_Dataset items_
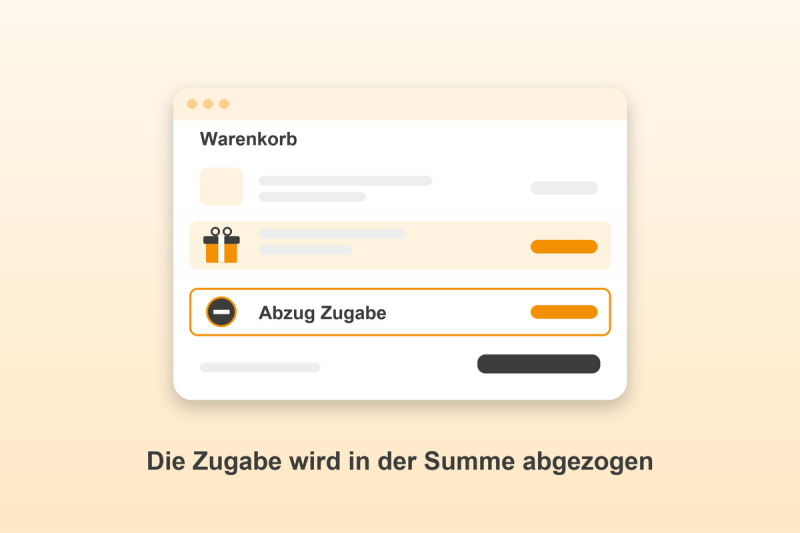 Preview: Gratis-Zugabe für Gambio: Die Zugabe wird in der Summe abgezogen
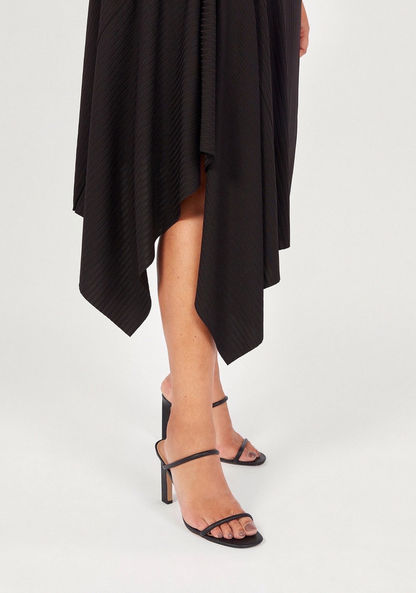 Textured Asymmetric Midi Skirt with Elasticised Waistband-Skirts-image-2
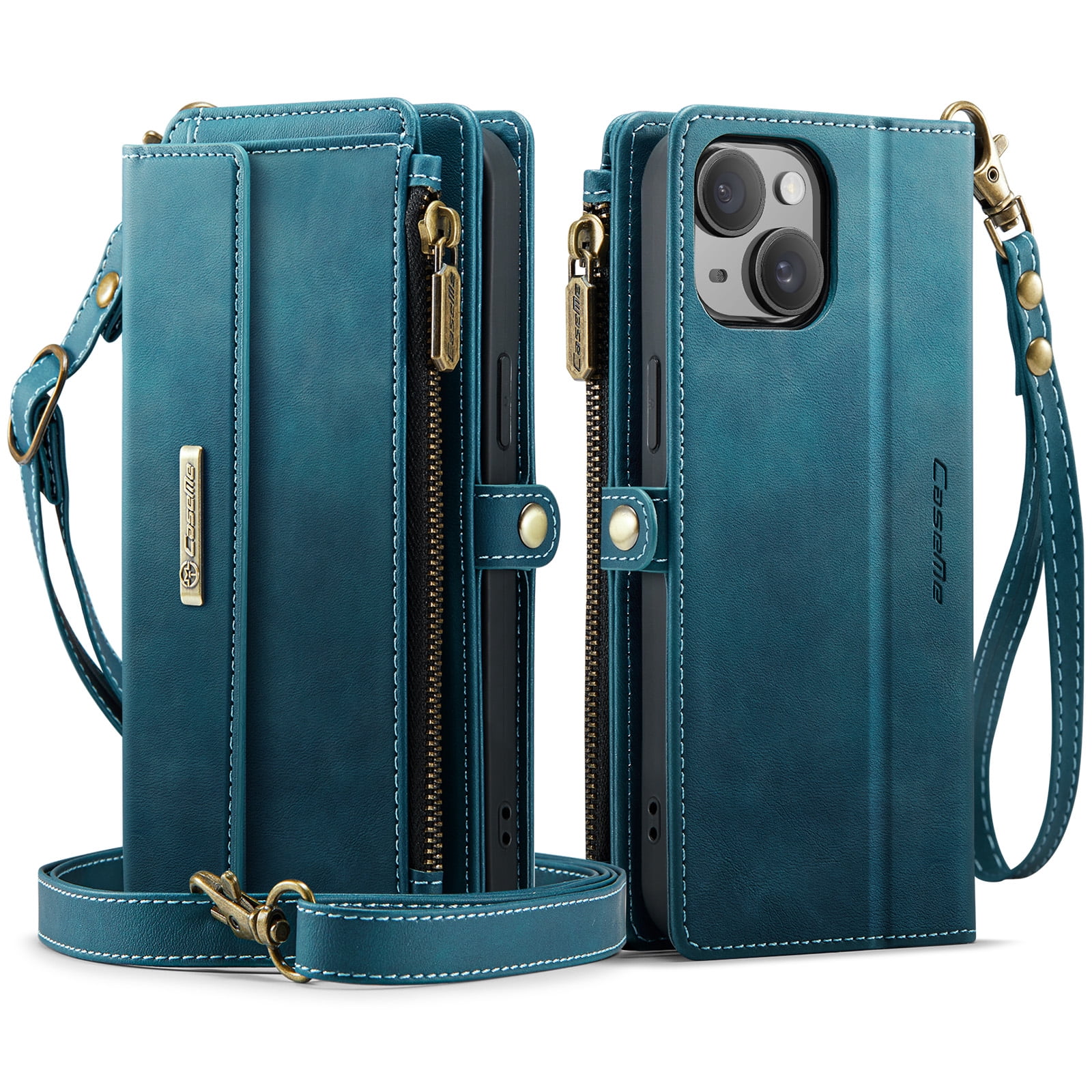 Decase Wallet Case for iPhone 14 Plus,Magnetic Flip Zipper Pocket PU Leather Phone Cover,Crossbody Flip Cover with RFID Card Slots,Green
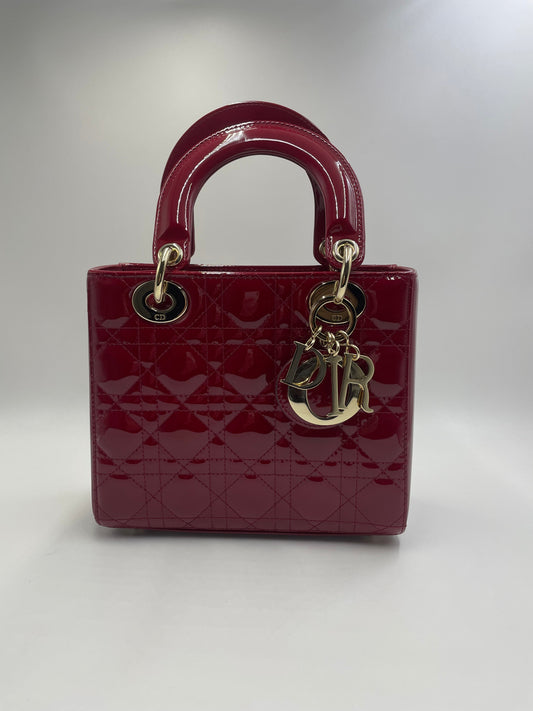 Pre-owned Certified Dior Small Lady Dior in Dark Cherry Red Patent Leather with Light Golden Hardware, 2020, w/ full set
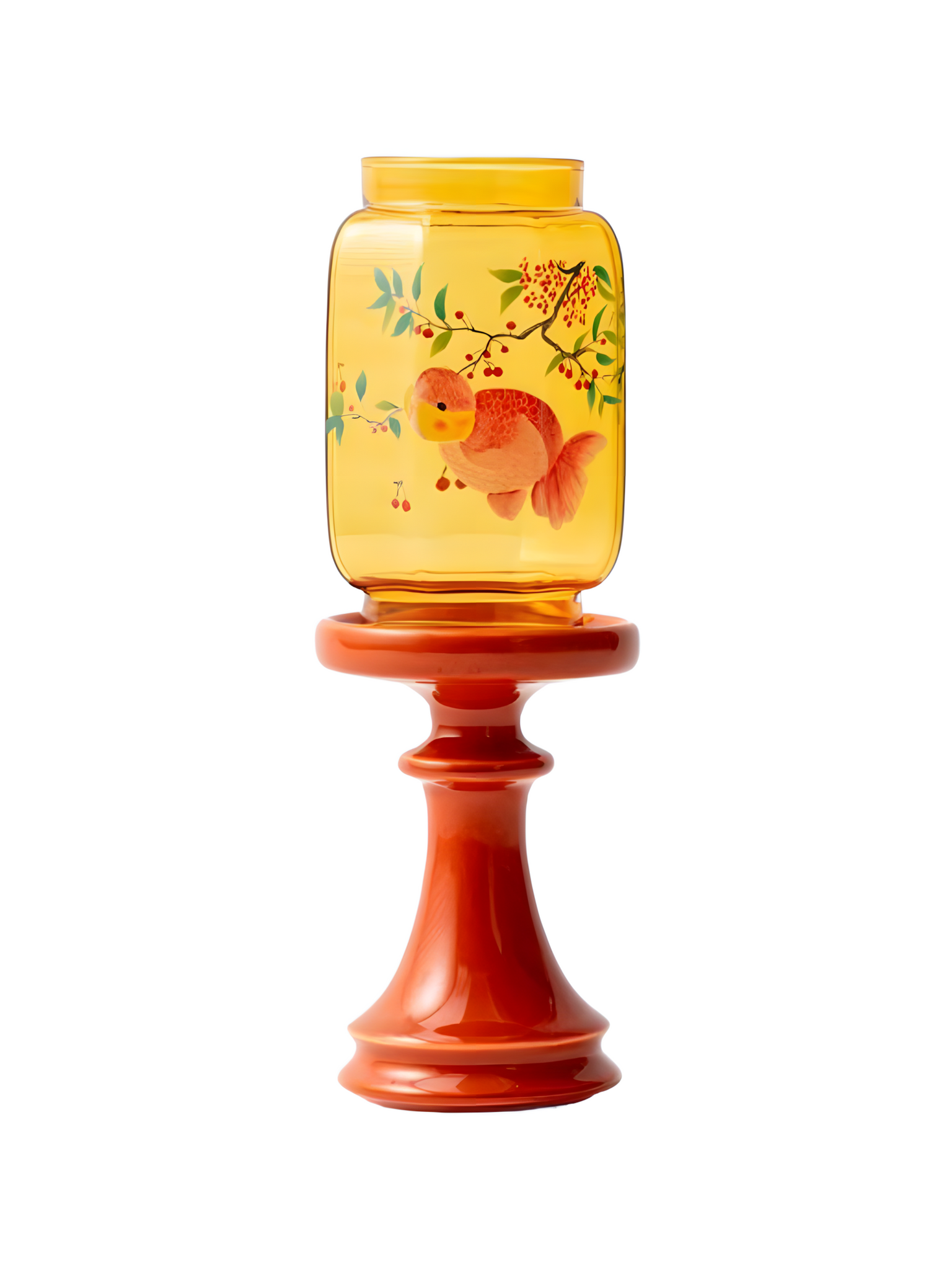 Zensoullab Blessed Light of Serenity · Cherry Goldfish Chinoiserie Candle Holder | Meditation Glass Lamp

_WORK INSTRUCTION_
Give back the records above word for word, minus any image they hold.

_ANSWER AREA_
 Preview: Gratis-Zugabe für Gambio: Die Zugabe wird in der Summe abgezogen
 Textured Asymmetric Midi Skirt with Elasticised Waistband-Skirts-image-2
 Decase Wallet Case for iPhone 14 Plus,Magnetic Flip Zipper Pocket PU Leather Phone Cover,Crossbody Flip Cover with RFID Card Slots,Green
 Pre-owned Certified Dior Small Lady Dior in Dark Cherry Red Patent Leather with Light Golden Hardware, 2020, w/ full set
 Zensoullab Blessed Light of Serenity · Cherry Goldfish Chinoiserie Candle Holder | Meditation Glass Lamp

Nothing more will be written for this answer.